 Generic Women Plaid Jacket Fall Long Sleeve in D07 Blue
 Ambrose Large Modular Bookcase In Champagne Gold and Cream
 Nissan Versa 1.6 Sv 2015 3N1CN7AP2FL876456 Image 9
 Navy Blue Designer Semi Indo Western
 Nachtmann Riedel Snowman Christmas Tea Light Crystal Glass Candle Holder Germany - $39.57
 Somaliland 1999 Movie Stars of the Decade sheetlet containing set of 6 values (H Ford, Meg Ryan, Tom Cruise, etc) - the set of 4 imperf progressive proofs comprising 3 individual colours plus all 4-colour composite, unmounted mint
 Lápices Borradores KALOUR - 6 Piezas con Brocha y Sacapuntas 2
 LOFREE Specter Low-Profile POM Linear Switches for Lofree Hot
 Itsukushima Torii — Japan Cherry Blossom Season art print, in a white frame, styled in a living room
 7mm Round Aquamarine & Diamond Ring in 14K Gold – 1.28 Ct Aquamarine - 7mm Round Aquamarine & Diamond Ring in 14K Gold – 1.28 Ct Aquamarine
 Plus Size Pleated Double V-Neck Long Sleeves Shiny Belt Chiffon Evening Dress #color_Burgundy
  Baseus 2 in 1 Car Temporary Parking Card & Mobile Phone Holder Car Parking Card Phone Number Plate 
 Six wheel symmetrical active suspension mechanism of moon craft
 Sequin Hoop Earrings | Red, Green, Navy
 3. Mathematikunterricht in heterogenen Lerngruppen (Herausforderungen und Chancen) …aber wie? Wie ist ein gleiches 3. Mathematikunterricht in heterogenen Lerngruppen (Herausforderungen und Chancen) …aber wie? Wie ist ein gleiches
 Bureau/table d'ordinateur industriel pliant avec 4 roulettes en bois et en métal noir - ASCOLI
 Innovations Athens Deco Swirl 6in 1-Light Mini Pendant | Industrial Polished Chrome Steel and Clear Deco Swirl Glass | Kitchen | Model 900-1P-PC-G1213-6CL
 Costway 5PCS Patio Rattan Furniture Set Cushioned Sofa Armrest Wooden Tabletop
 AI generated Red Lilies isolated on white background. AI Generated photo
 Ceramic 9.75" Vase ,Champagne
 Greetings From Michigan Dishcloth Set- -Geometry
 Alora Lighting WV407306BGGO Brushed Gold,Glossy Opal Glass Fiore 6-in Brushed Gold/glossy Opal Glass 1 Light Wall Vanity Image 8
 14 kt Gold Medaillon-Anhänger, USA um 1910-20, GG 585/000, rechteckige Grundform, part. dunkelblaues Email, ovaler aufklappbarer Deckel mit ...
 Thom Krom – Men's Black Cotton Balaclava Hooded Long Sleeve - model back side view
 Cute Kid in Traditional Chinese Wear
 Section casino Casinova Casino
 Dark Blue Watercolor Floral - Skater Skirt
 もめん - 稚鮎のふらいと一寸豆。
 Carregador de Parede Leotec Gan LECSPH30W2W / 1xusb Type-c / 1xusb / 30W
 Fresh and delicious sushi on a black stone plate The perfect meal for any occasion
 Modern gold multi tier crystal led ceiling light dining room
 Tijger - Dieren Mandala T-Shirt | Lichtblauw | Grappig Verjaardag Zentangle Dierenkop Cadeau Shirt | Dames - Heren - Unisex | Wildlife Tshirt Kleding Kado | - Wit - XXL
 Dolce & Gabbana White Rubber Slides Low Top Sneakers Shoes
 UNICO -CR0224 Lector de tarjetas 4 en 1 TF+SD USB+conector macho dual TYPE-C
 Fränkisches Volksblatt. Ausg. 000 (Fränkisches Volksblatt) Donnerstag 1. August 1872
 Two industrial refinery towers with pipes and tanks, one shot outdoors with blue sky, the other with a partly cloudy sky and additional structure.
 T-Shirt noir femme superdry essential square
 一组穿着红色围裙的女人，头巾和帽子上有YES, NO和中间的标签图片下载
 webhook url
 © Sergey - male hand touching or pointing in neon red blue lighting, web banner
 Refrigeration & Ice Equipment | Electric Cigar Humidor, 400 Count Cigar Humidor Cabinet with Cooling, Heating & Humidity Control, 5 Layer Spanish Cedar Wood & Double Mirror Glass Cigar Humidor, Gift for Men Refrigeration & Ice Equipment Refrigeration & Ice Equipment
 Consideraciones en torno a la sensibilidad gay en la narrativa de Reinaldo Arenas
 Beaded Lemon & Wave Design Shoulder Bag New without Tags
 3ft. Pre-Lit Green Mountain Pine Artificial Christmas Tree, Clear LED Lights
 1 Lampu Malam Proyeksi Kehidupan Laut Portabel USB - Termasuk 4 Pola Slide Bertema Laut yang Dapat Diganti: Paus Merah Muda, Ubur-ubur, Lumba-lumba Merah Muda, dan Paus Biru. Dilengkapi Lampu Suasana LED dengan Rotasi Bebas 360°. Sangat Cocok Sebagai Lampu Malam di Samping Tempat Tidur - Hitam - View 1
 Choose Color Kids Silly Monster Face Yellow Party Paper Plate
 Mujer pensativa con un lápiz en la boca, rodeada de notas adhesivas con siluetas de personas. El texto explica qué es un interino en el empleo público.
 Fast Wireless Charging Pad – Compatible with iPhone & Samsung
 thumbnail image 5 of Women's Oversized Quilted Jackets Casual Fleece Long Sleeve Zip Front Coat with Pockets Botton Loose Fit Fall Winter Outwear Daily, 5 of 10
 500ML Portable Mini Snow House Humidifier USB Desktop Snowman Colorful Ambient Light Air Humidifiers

*TRY IT*:
Read the listing. Report every line that includes the word "Christmas".

*OUTPUT OF THE TASK*:
 Nachtmann Riedel Snowman Christmas Tea Light Crystal Glass Candle Holder Germany - $39.57
 3ft. Pre-Lit Green Mountain Pine Artificial Christmas Tree, Clear LED Lights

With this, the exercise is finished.